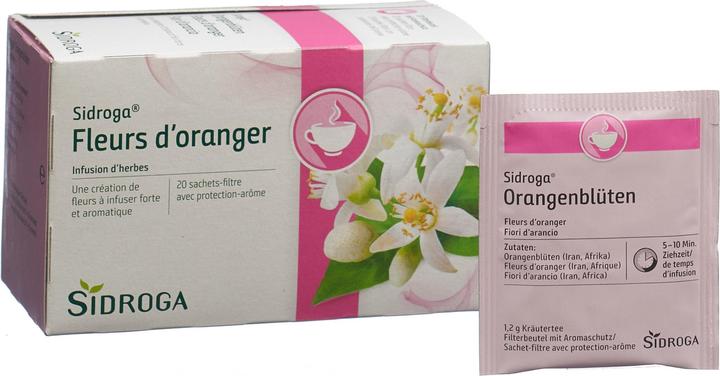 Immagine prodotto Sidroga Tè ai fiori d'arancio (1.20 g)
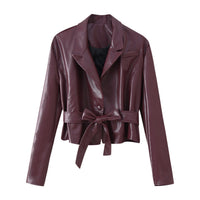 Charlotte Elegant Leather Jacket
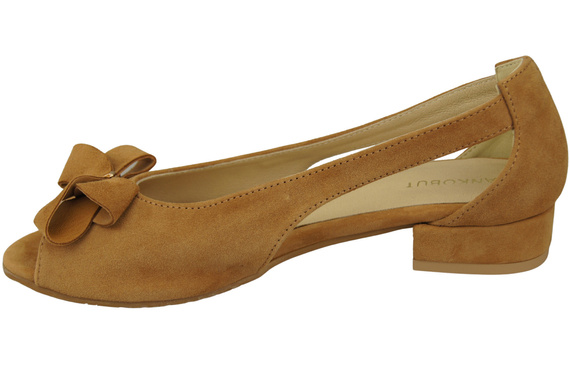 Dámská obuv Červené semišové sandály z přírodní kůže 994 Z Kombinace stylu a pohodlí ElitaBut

---

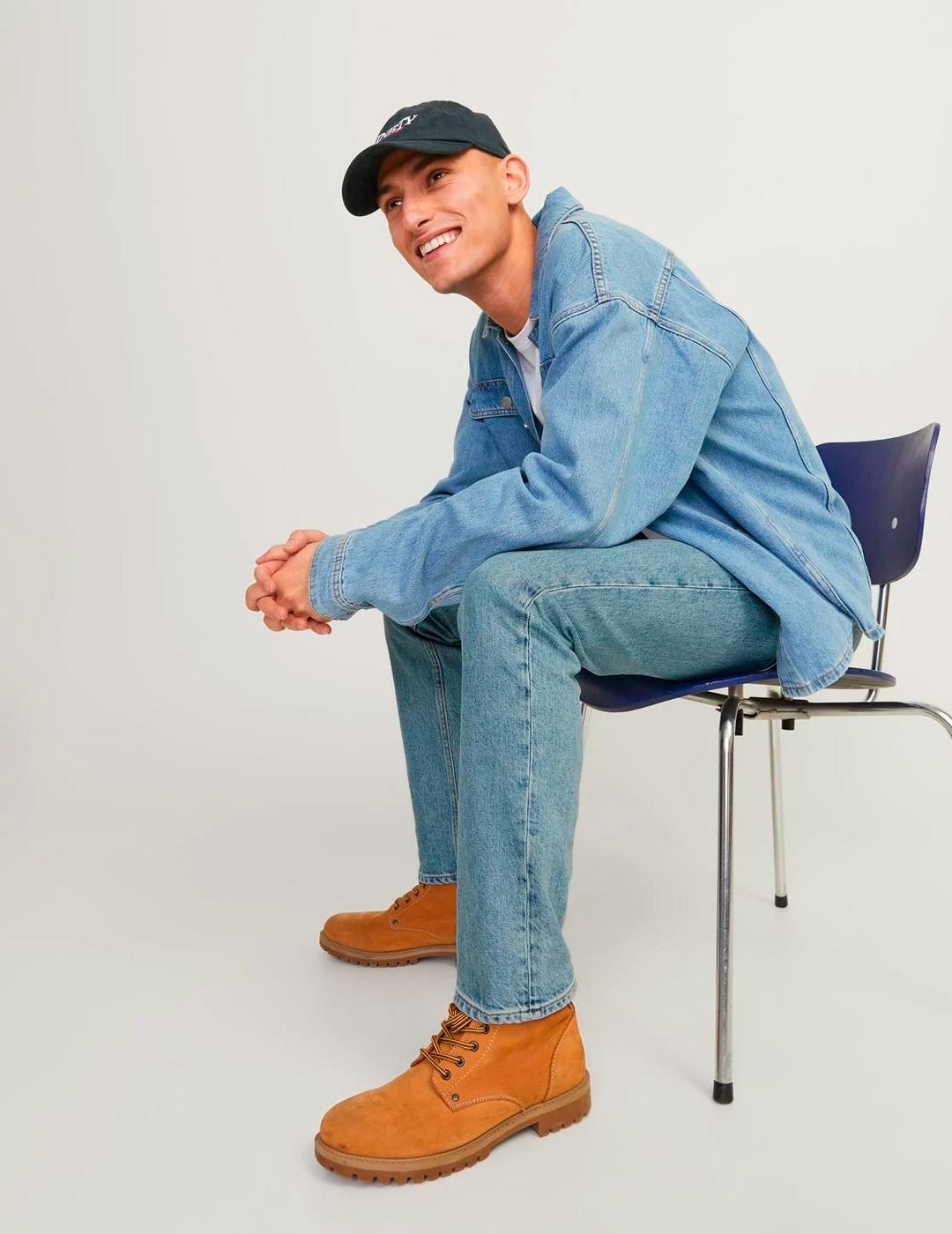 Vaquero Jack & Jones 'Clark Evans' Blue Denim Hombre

--

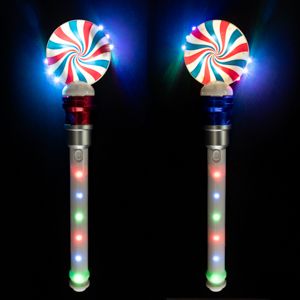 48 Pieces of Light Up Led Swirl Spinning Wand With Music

_Try it_
In the entries above, find the line with "Immagine prodotto Sidroga" and the line with "Dámská obuv Červené". Write out exactly those two lines and every line between them, pictures excluded.

_Answer space_
 Immagine prodotto Sidroga Tè ai fiori d'arancio (1.20 g)
 Charlotte Elegant Leather Jacket
 Dámská obuv Červené semišové sandály z přírodní kůže 994 Z Kombinace stylu a pohodlí ElitaBut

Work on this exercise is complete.